Bien qu’au niveau mondial, peu de progrès aient été faits en matière d’assainissement, certains pays en développement sont parvenus à faire baisser de 60% la proportion de la population qui n’a pas accès à des moyens d’assainissement améliorés. Ce sont probablement la volonté politique, un financement modeste mais utilisé intelligemment et une modification des comportements et des normes, et pas seulement l’installation d’infrastructures, qui ont contribué à cette progression rapide. Susciter la demande de toilettes, notamment de la part de gens qui ont déféqué à l’air libre toute leur vie, pousse les ménages à investir.
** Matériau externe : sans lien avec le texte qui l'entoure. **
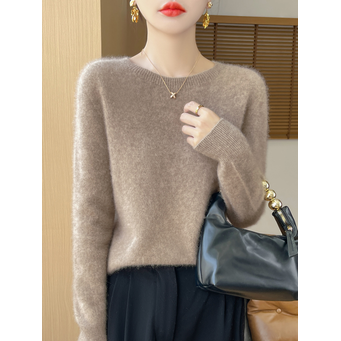 Sweaters & Sweatshirts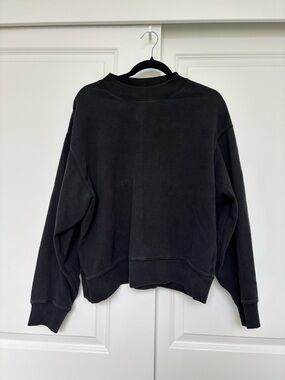Uniqlo Black Crewneck Sweatshirt Size L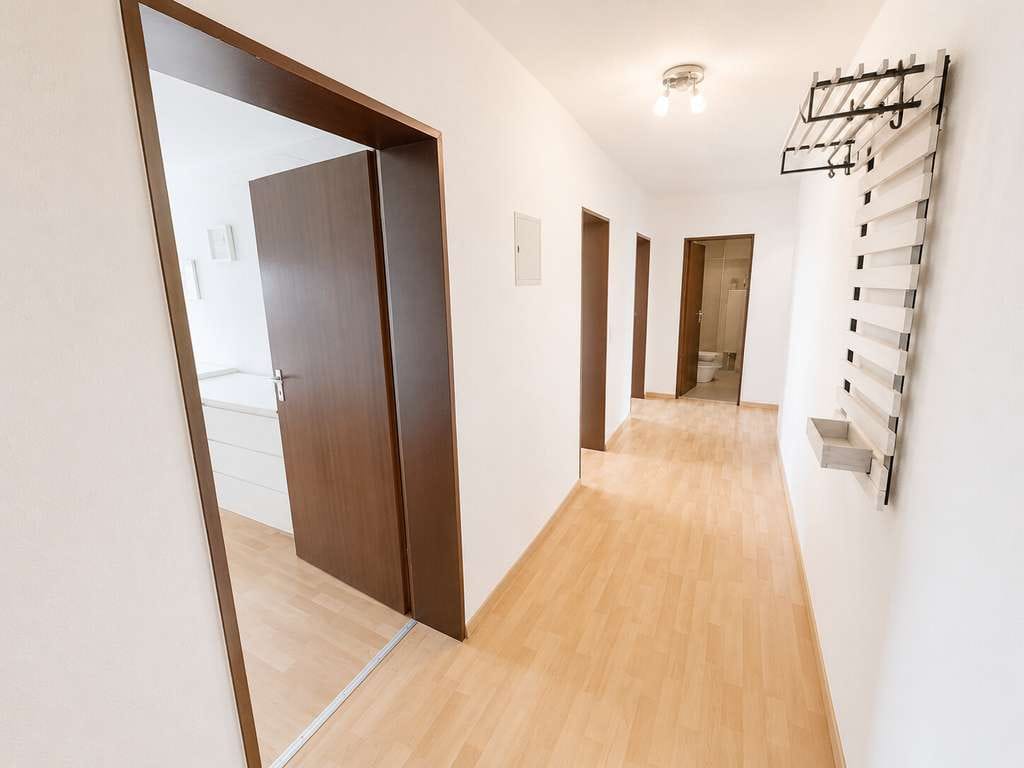 Immobilie in Eberdingen - Moderne 3-Zimmer-Wohnung im Hirschpfad – Balkon, Aufzug & Blick ins Grüne - Bild 4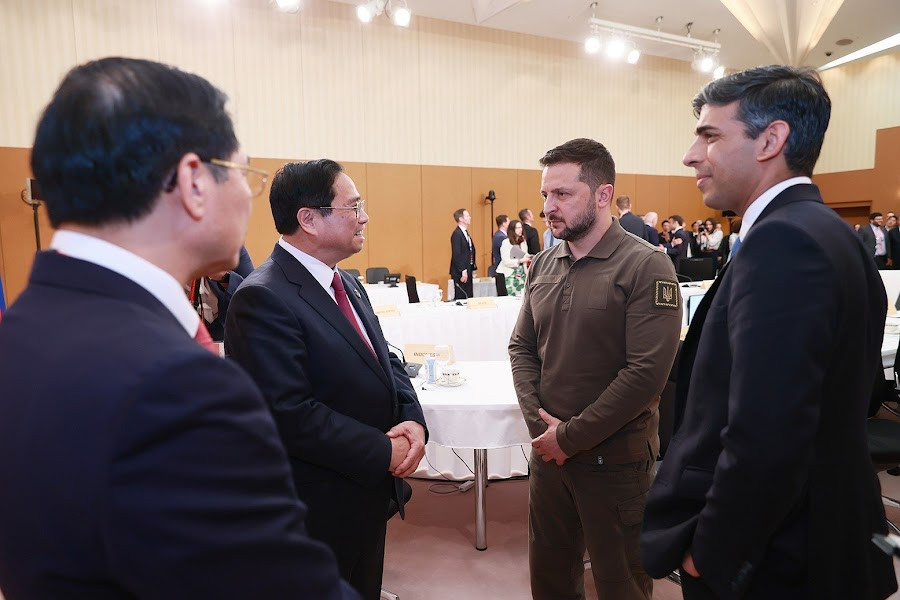 Tổng thống Ukraine Zelensky chia sẻ các ý kiến của Thủ tướng Chính phủ Phạm Minh Chính; bày tỏ cảm kích trước lập trường và sự hỗ trợ nhân đạo của Việt Nam - Ảnh: VGP/Nhật Bắc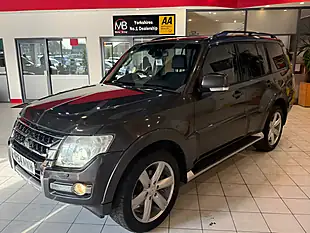 Used 2015 Mitsubishi Shogun SG4 Grey - Interior and Exterior details 3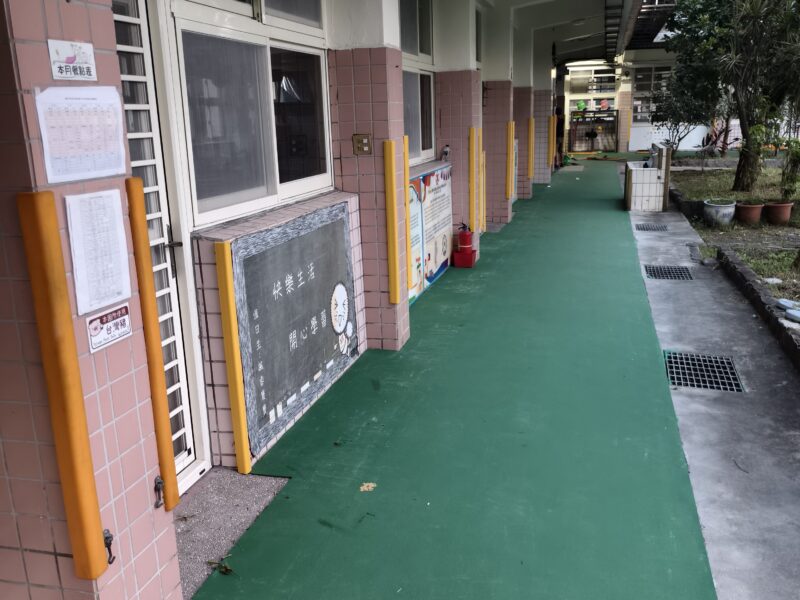 懸浮運動地板及運動合成橡膠地墊或一般地面修繕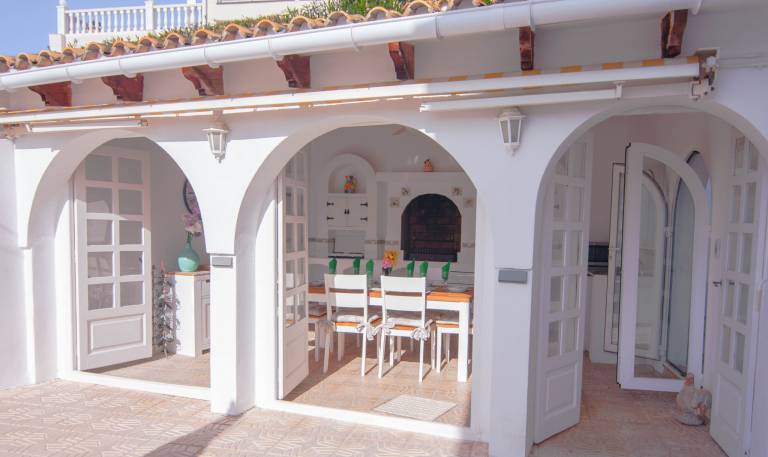 Fully equipped spacious villa with terrace, garden & barbecue | Pets allowed — photo 4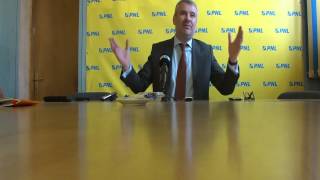 -- Gigel Stirbu, fost ministru al Culturii, solicita demisia premierului Victor Ponta
-- video: Mugurel Manea, corespondent "Adevărul"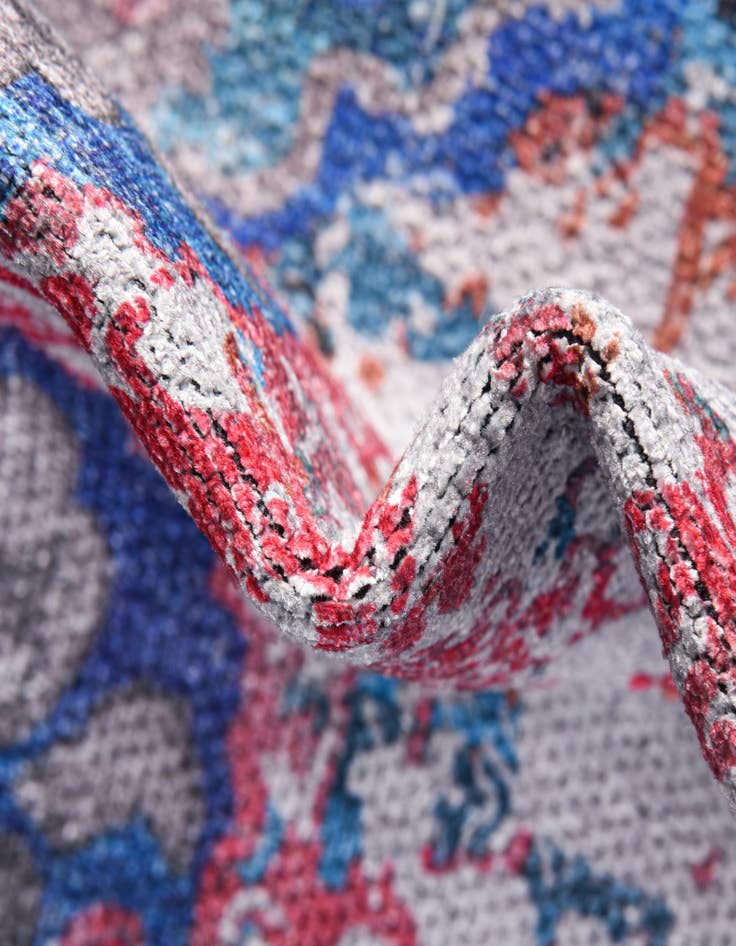 Detail image of 2' x 9' 10 Washable Francesca Runner Rug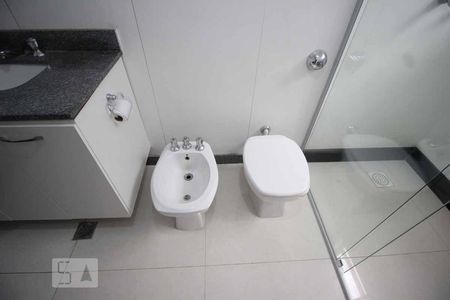 Apartamento à venda com 120m², 4 quartos e 2 vagasBanheiro Social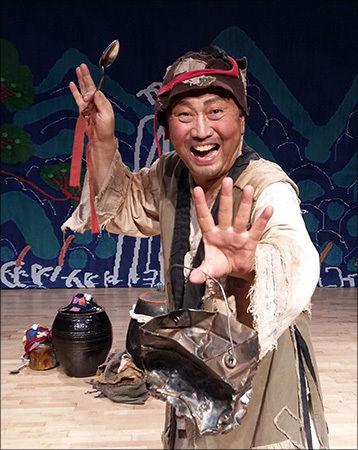 모노드라마 <품바> 한 장면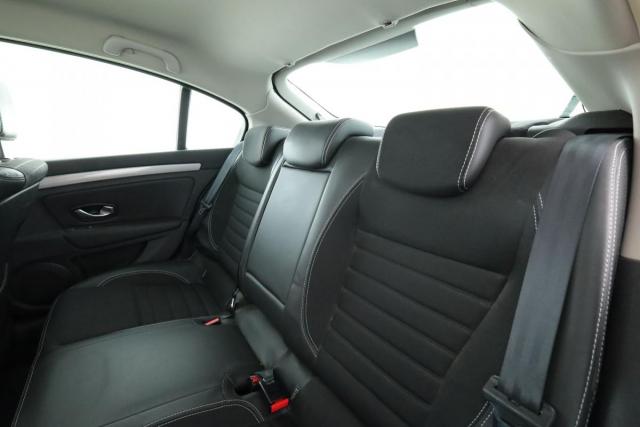 Renault Laguna image 4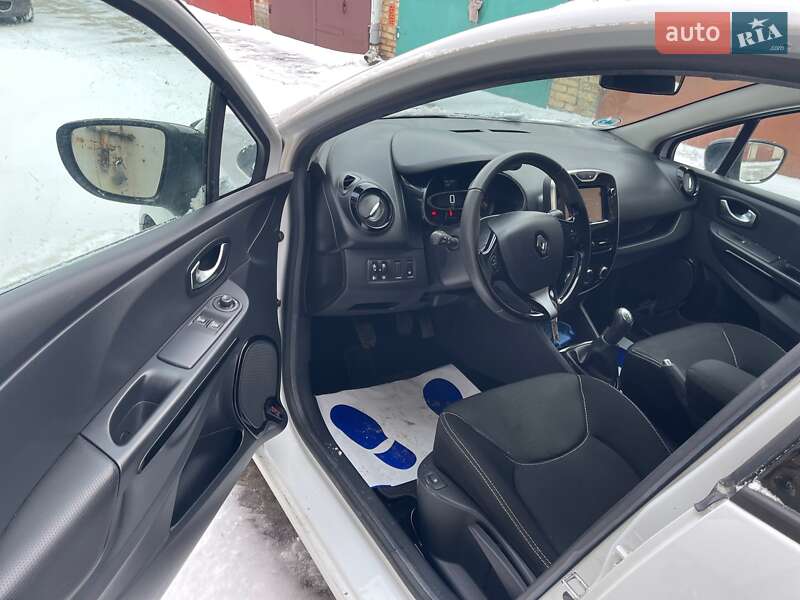 Универсал Renault Clio 2016 в Луцке фото 6 Универсал Renault Clio 2016 в Луцке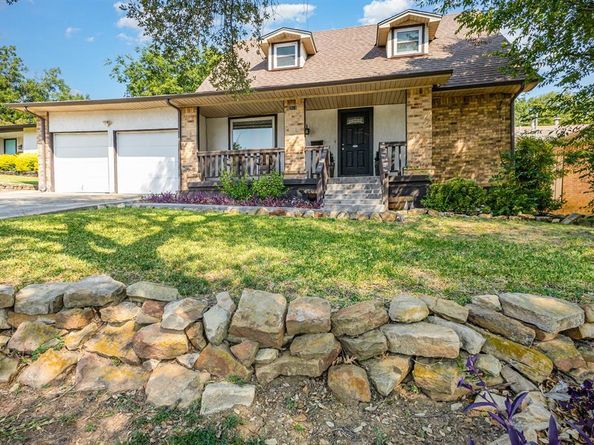 2513  Briarcliff Drive , Irving Texas 75062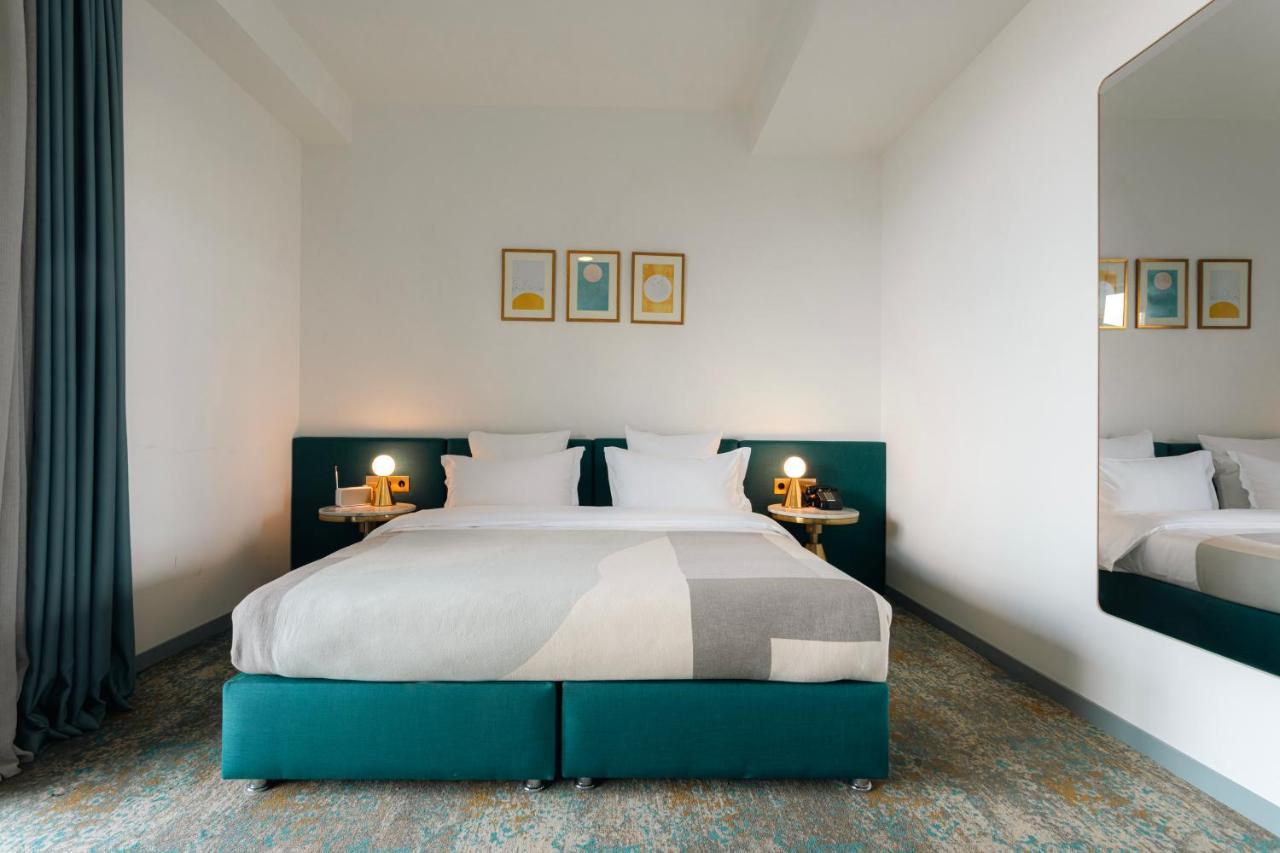 Castor & Pollux Hotel Тбілісі Екстер'єр фото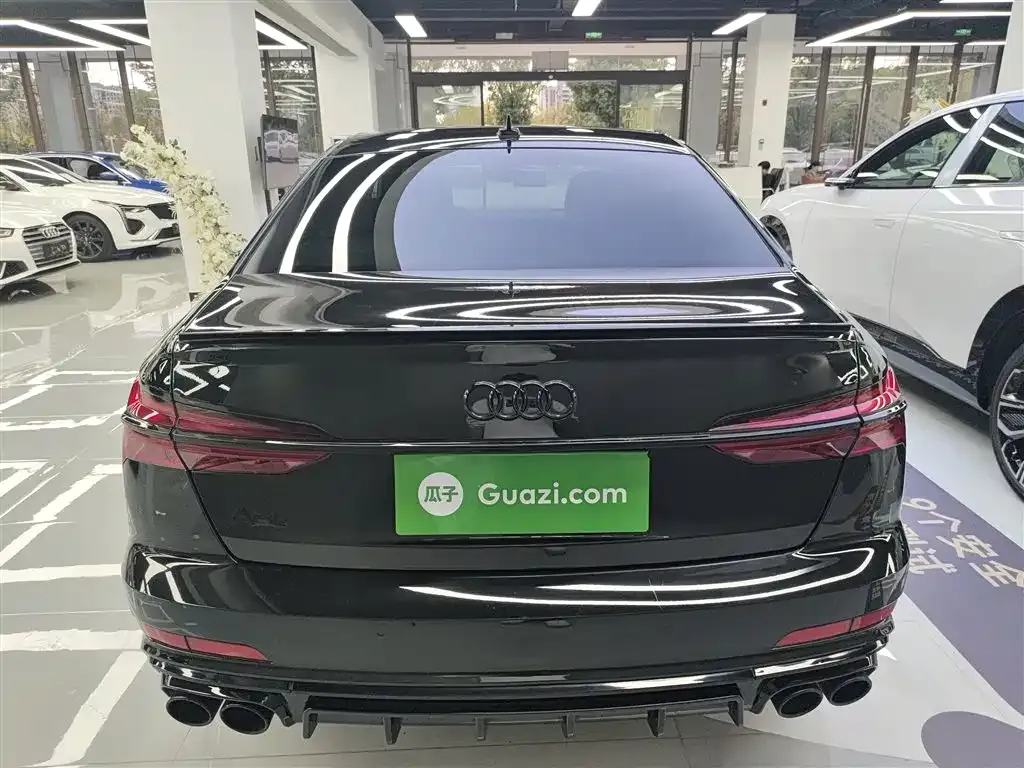 Audi A6L 2022 из CN, фото 6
L’efficacité de ces approches est prouvée, ce qui montre qu’il est possible de progresser plus vite.

Les obstacles à l’approvisionnement en eau de boisson sont également surmontables. Il existe plusieurs innovations, dont des techniques de forage peu coûteuses et des pompes manuelles moins chères, le recours à des systèmes à petite échelle gérés localement, l’installation de kiosques à eau privés et la médiation de la société civile entre les communautés pauvres et les prestataires de services.

L’approvisionnement en eau et l’installation de moyens d’assainissement et d’hygiène dans les écoles devient une priorité pour les ministères de l’éducation des pays en développement. De nouvelles toilettes assurant l’intimité et permettant d’effectuer une toilette intime pendant les règles présentent de nombreux avantages. Par exemple, la probabilité de mourir en couches est moindre pour les femmes qui ont été scolarisées – chaque année d’instruction supplémentaire évite deux décès maternels pour 1000 femmes [5] .

Le manque d’eau, de moyens d’assainissement et d’hygiène qui contribue à la mauvaise santé, au manque d’instruction et à la pauvreté des femmes, mais aussi à la mauvaise santé des enfants qu’elles portent, est un cercle vicieux qu’il est possible de briser. Les outils nécessaires existent. L’eau, l’assainissement et l’hygiène permettent également aux femmes de participer au développement de leur communauté et notamment, bien entendu, à la prise de décisions et à la gestion concernant les systèmes d’approvisionnement en eau et d’assainissement.